Material for the task →

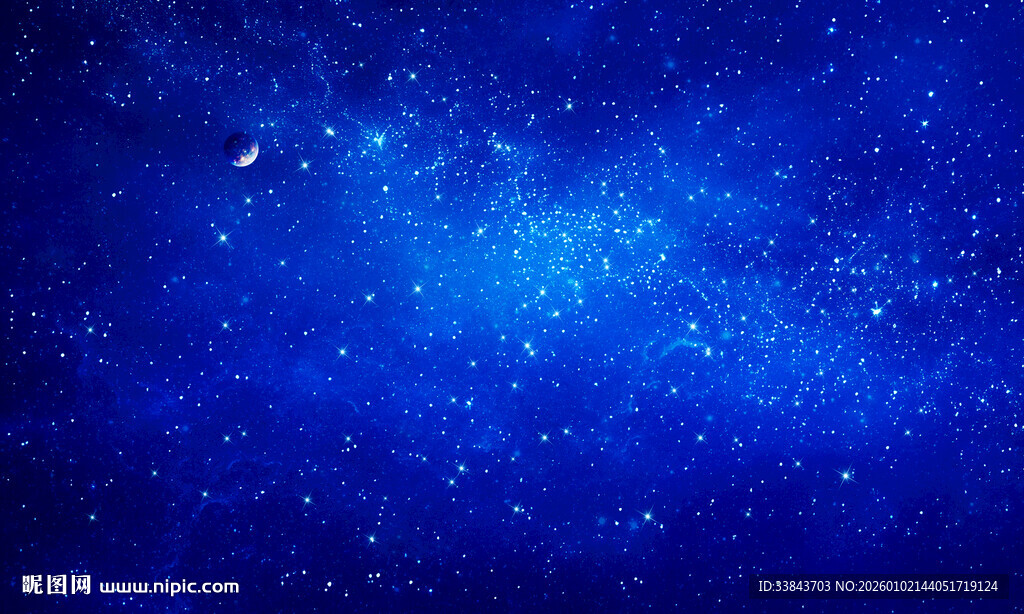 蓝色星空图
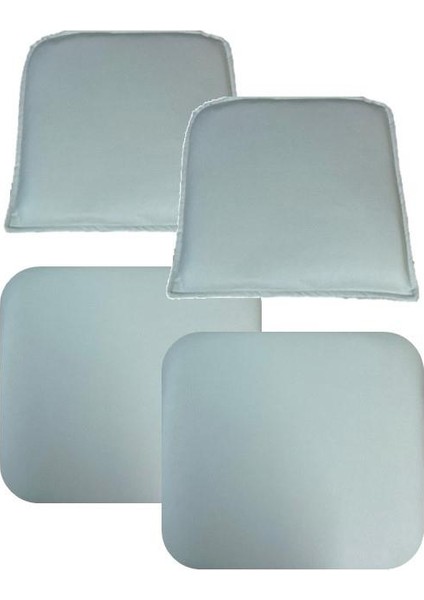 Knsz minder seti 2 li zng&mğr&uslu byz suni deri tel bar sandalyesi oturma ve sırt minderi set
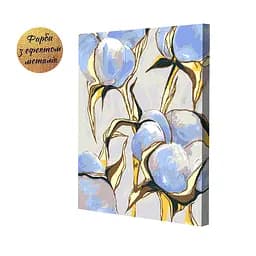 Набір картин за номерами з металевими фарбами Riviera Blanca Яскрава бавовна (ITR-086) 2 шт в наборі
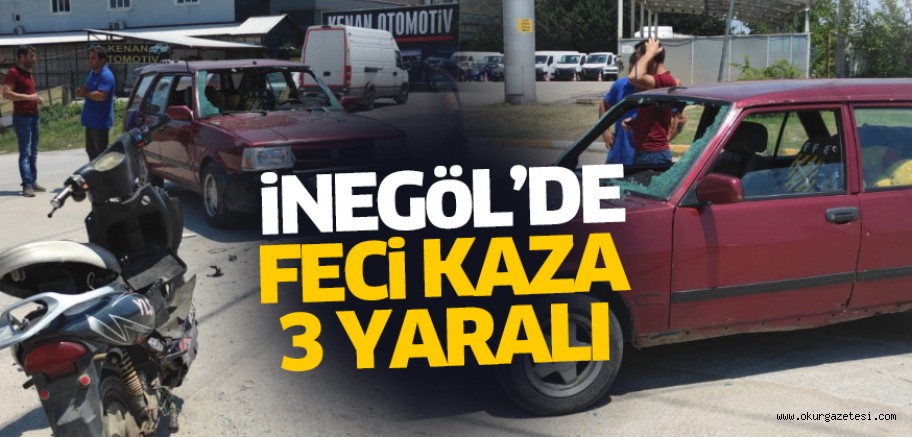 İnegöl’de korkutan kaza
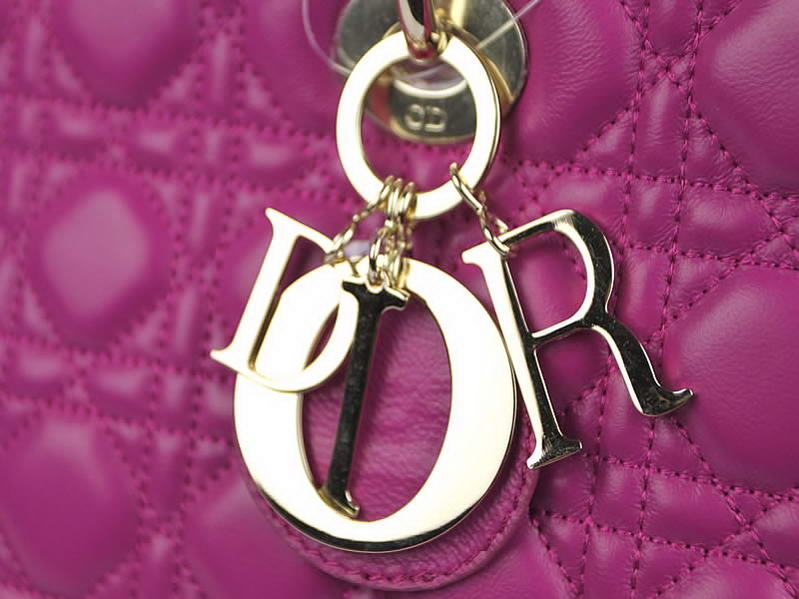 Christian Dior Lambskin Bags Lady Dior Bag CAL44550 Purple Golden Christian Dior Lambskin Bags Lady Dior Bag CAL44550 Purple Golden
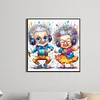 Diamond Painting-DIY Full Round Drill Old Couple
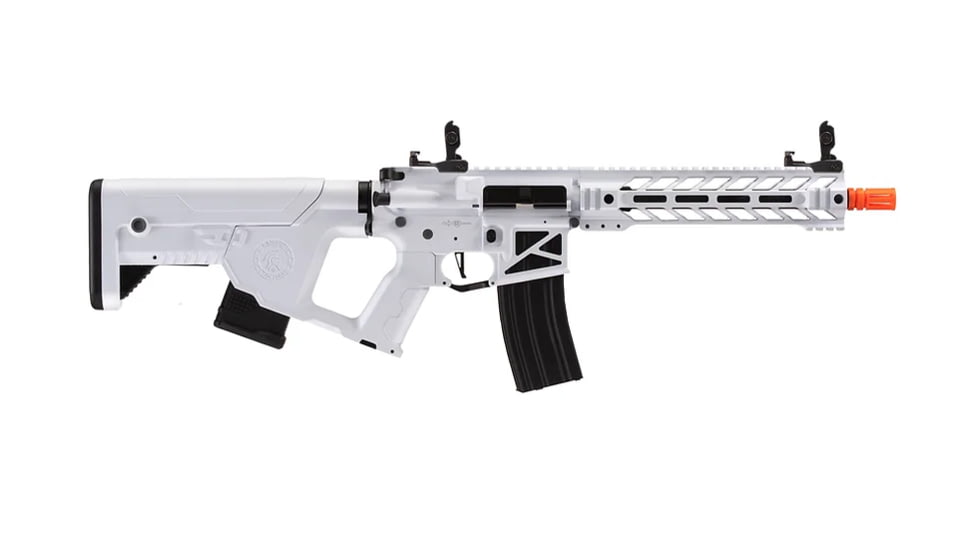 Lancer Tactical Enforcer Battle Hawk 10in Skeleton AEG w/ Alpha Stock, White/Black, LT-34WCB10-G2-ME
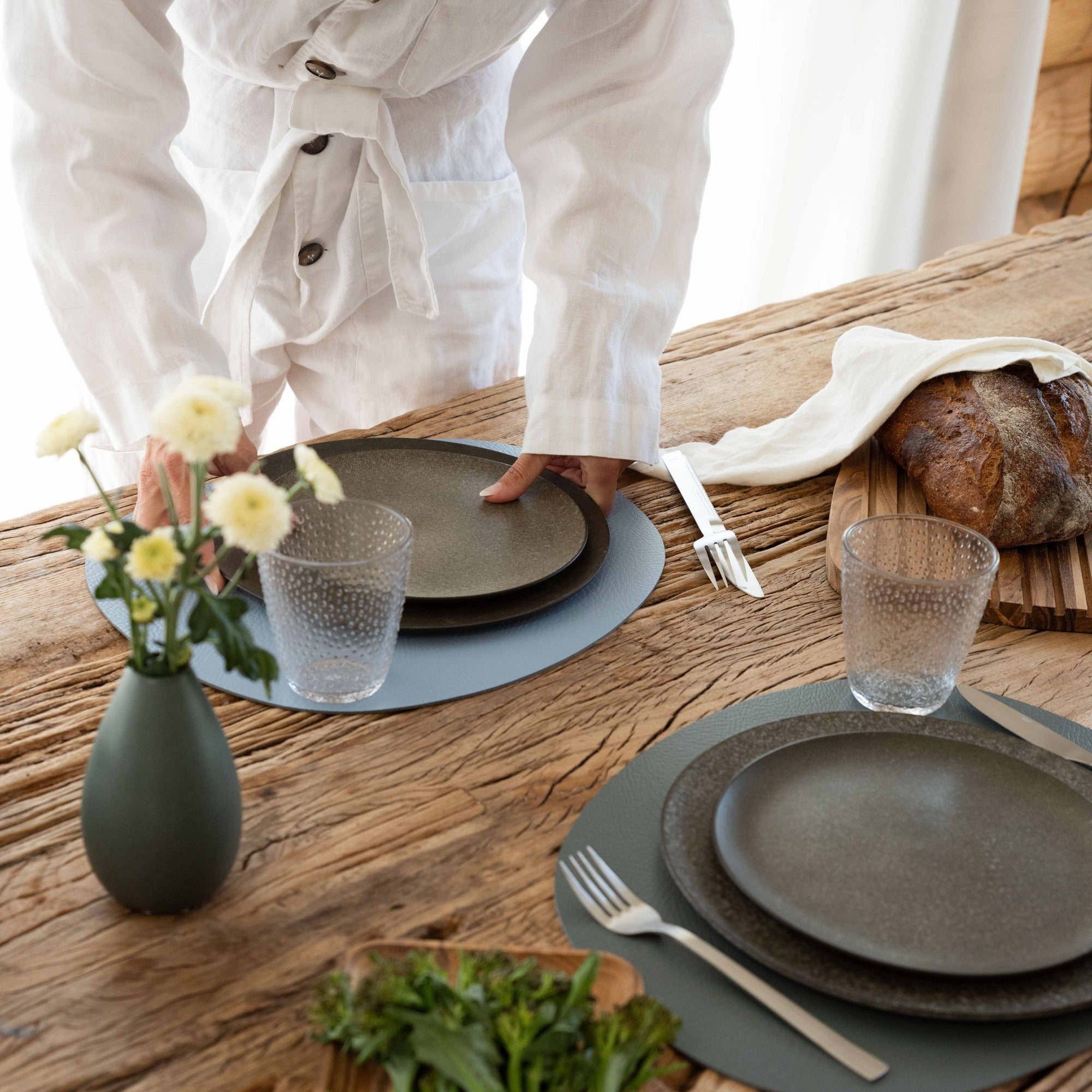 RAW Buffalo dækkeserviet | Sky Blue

Exercise → Repeat exactly the lines from the one containing "Lancer Tactical Enforcer" to the last line of the records above, including both, and leave out any pictures.

Response area →
 Lancer Tactical Enforcer Battle Hawk 10in Skeleton AEG w/ Alpha Stock, White/Black, LT-34WCB10-G2-ME
 RAW Buffalo dækkeserviet | Sky Blue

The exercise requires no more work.